Berg, Webern, Schönberg, Hindemith, Krenek, fine: these are well-known quantities. Even the Polish Karol Rathaus has undergone something like a small rediscovery, thanks to the "Degenerate Music" fad of these last fifteen years (a search on the present website yields over 10 results).
But Petyrek?
So I thought I'd investigate, and this is the one disc that a search yielded.
Who was Petyrek, then?
Felix Petyrek was born in 1892 in Brünn, Moravia, then part of the Austrian Empire (now Brno in the Czech Republic, also the birthplace of Janacek and Mies van der Rohe) and became a composition student of the then famous Franz Schreker at the Vienna Conservatory (also a teacher of Krenek, Haba and Rathaus), while studying piano with Leopold Godowsky and Emil Sauer. After the 1st World War he came to be viewed as one of the main proponents of new music (both as a composer and a concert pianist), while holding various teaching positions (of piano, composition and theory) in Salzburg, Berlin, Athens, Stuttgart, Leipzig and Vienna, and getting closely associated with the Anthroposophical movement of Rudolf Steiner in Dornach, Switzerland. The rise of Nazism thwarted his career, worsened by his poor health, bouts of depression and dire financial situation. He died in Vienna in 1951 and fell into oblivion.

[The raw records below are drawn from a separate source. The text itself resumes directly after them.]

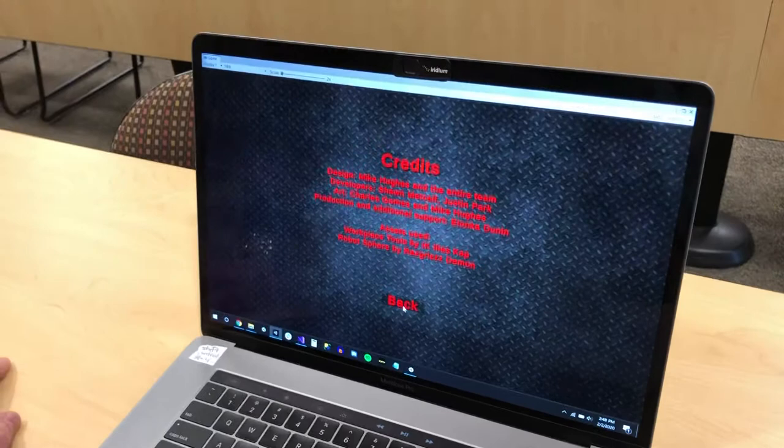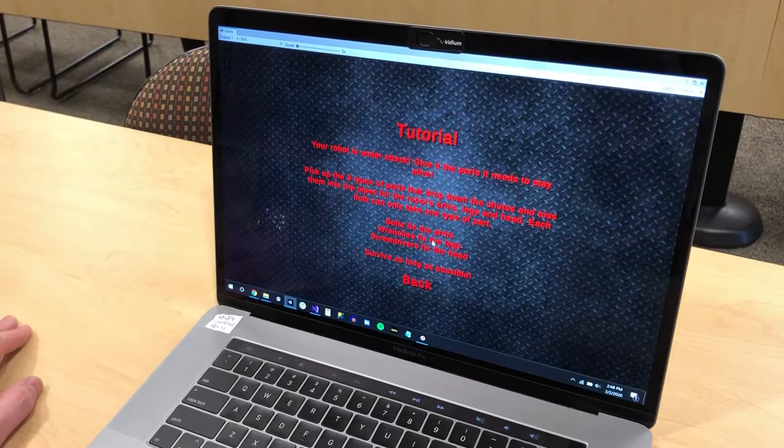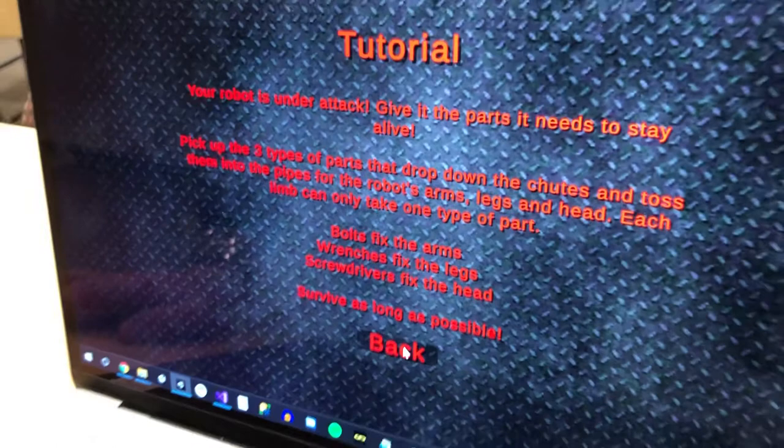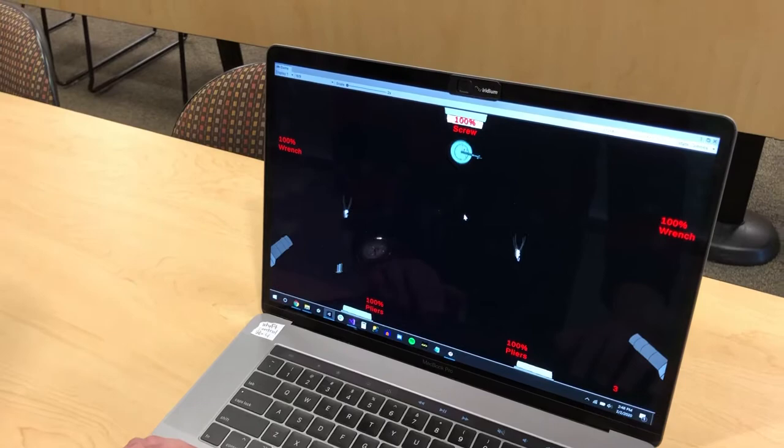Here's our team and here's the tutorial. It explains how to put the different parts into the different pipes, and now this is the actual game.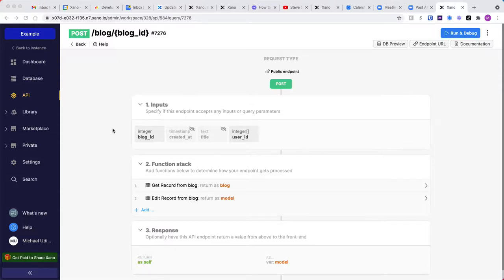Hey, so real quick, you wanted to see how to basically add to an array of table reference in the API.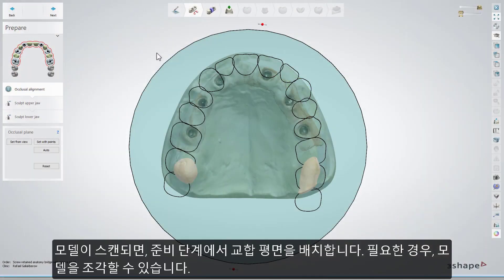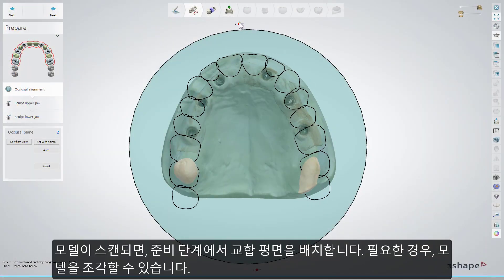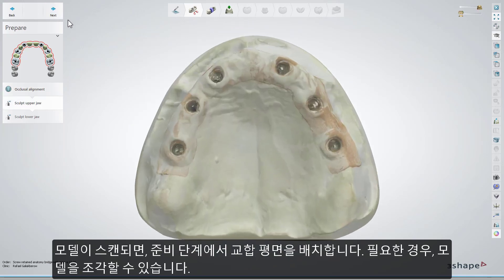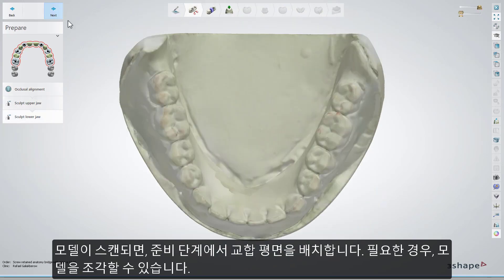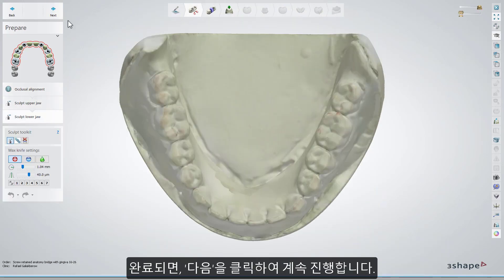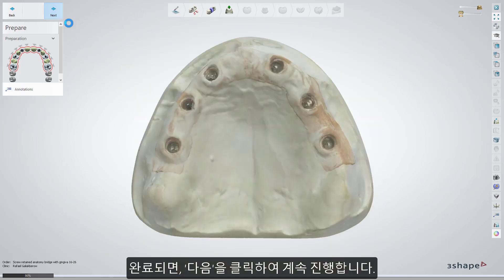Once your model has been scanned, you'll start from placing the occlusal plane while being in the Prepare step. You can also sculpt models if necessary. When done, click Next to move further.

That said, the works gathered on this CD, all composed between 1915 and 1928 (and all premiere recordings but for one short piece), rarely show a composer of striking individuality. In their tribute paid to Bach, both the 1915 Variations and Fugue in C-major and 1924 Suite on the Name Szegoe show a strong affinity to the music of Max Reger. The 1922 Irrelohe Foxtrott is a short and unsubstantial take-off from the opera of Schreker, with whom Petyrek was by then estranged. The three (out of six) "Grostesques", from 1919 and 1920 are much in the same mood, picturesque mocks of a Viennese Waltz in "Wurstelprater", of the "Official Reception" of some "Highness" and of an unspecified "Nocturnal Adventure" (but with "howling" as one of the performance indications to give us a hint), sounding like the kind of parodies of "Bourgeois" music Hindemith or Satie composed at the same time. One regrets that Kolja Lessing didn't record all six.

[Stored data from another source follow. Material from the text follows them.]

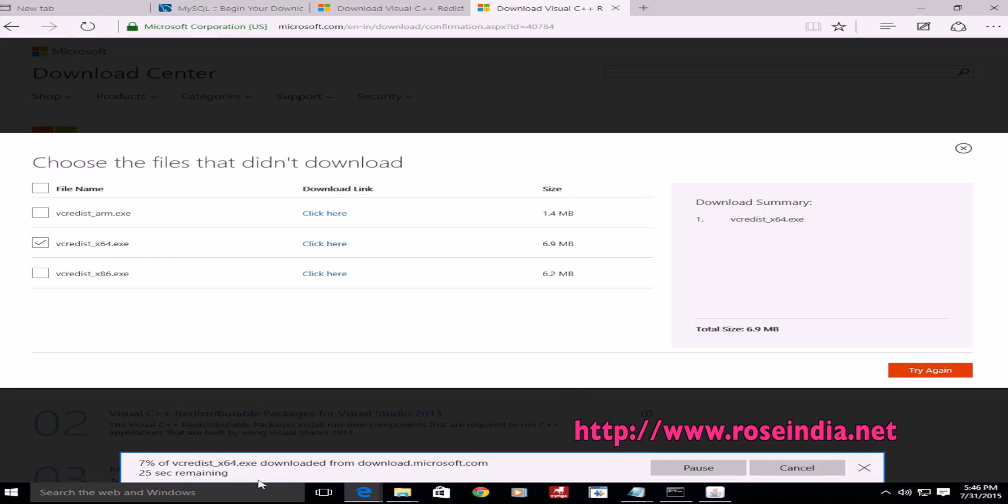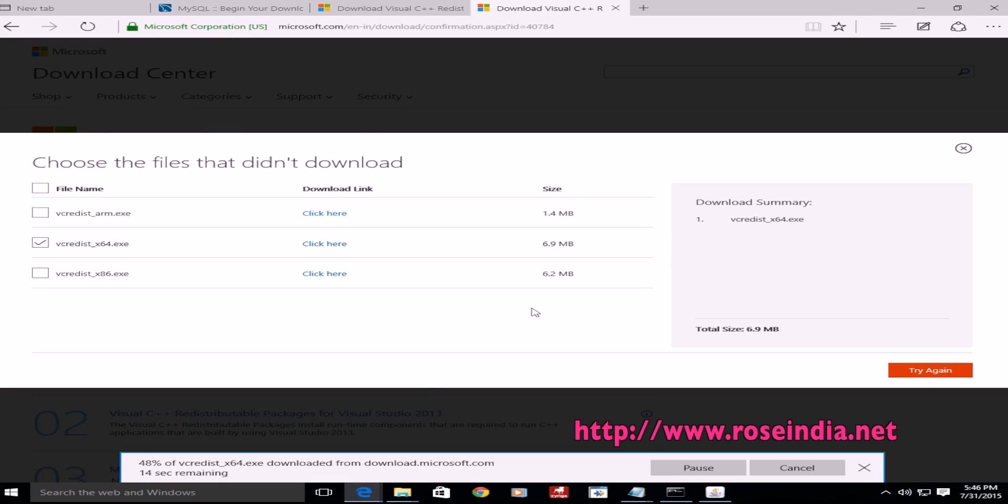It is downloading here. And I think it will be downloaded in 18 seconds. Wait for the download to complete.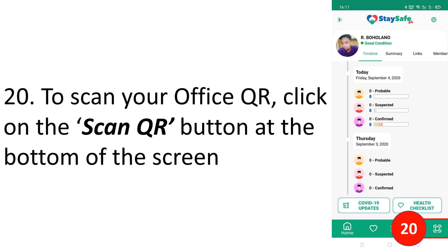The division office will place an organization QR code at the entrance gates of our premises. Just scan the organization QR before you enter the gates, then proceed with the normal protocol: temperature check, handwashing facility — wash your hands with soap, rinse, dry — then go to the temperature check.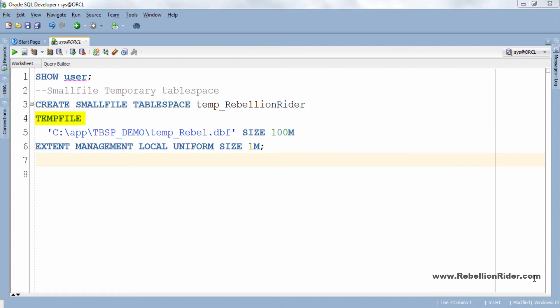Whereas data files are completely allocated and initialized at creation time the temp files are not always guaranteed to allocate the disk space specified. This means that on some unix system a temp file will not actually allocate disk space until a sorting operation requires it.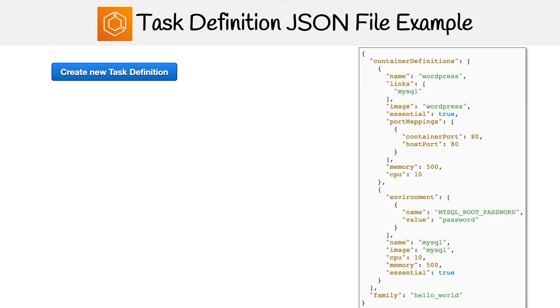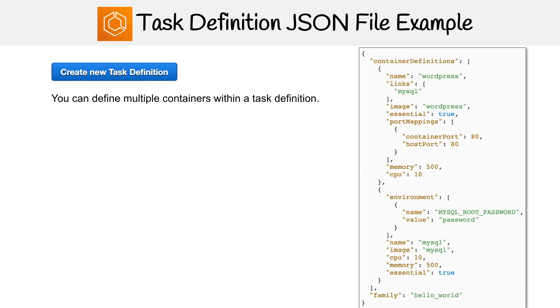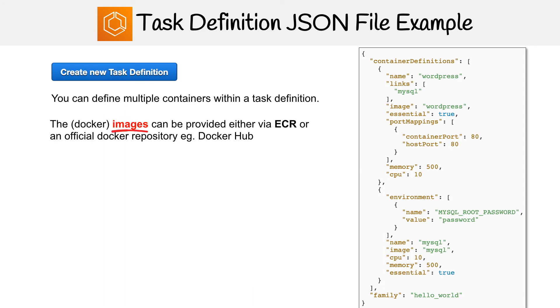But if you had to write this by hand, this is what the actual file would look like. And in this file, you can define multiple containers within a task, which is actually what we're doing here on the right hand side.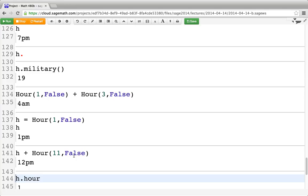Hopefully that illustrates the basics of making classes. I'll just leave it up there.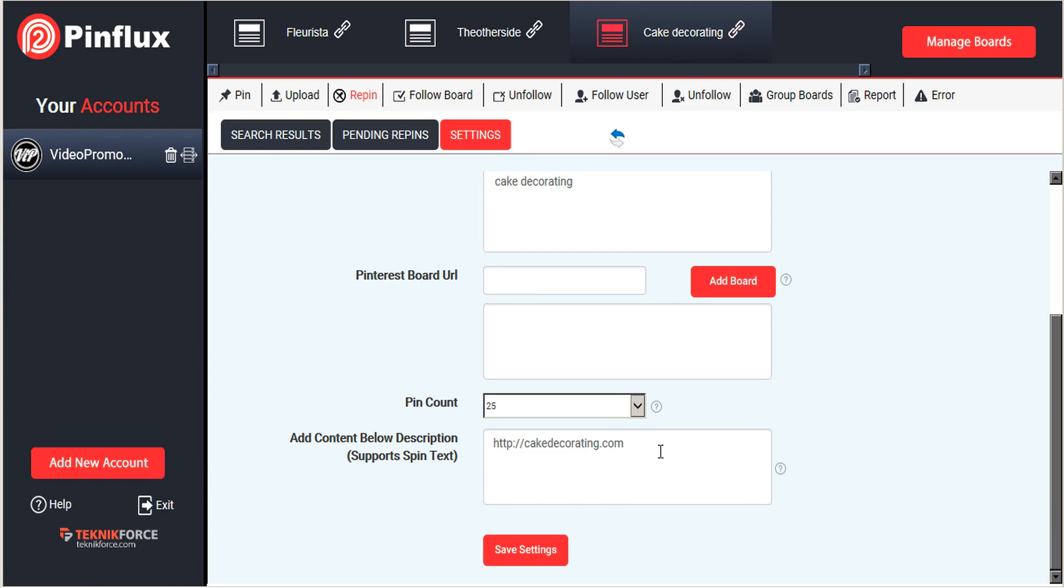And that's how you pin images to Pinterest with Pinflux. For more tips and tricks on how to get the most out of Pinterest with Pinflux, please watch our other tutorials. Thank you very much for watching.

The compact (14') 3rd Sonata from 1928 is a much more interesting and individual work. With its forward-moving, muscular march-like rhythms, the first movement evokes the War-Sonatas of Prokoviev (written some 15 years later, of course). The short (2:30) second movement, "Andante con moto", features elaborate counterpoint with terse left-hand and enigmatic and fascinating right hand filigree. The third movement is another muscular, march-like movement, with a central section of striking originality, featuring a rapidly ascending and descending ostinato scale played staccato by the right hand. In the Rondo finale, the quasi clockwork melody kept in the piano's high register again evokes some Prokoviev or even Bartok.

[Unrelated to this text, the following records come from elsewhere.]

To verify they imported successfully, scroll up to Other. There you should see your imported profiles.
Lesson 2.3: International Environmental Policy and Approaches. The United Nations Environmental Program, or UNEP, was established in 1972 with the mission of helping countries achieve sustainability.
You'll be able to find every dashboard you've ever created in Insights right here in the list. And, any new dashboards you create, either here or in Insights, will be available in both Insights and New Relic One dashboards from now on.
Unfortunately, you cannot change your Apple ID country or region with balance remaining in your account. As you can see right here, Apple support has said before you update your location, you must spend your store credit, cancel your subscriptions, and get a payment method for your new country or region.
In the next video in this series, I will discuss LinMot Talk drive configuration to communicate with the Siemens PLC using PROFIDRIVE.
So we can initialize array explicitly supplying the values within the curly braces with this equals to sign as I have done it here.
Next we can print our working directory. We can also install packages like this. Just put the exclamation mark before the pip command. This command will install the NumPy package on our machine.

Born in 1961 in Germany, Kolja Lessing appears to be equally proficient at the piano and the violin (which is the instrument he teaches, now in Stuttgart, after Leipzig and Würzburg). He (for he is a "he", as his personal name might not indicate) has been an active advocate of the rediscovery of forgotten composers from the first half of the 20th Century, Philipp Jarnach & Berthold Goldschmidt being the less obscure. He contributes himself the excellent and thoroughly informative program notes.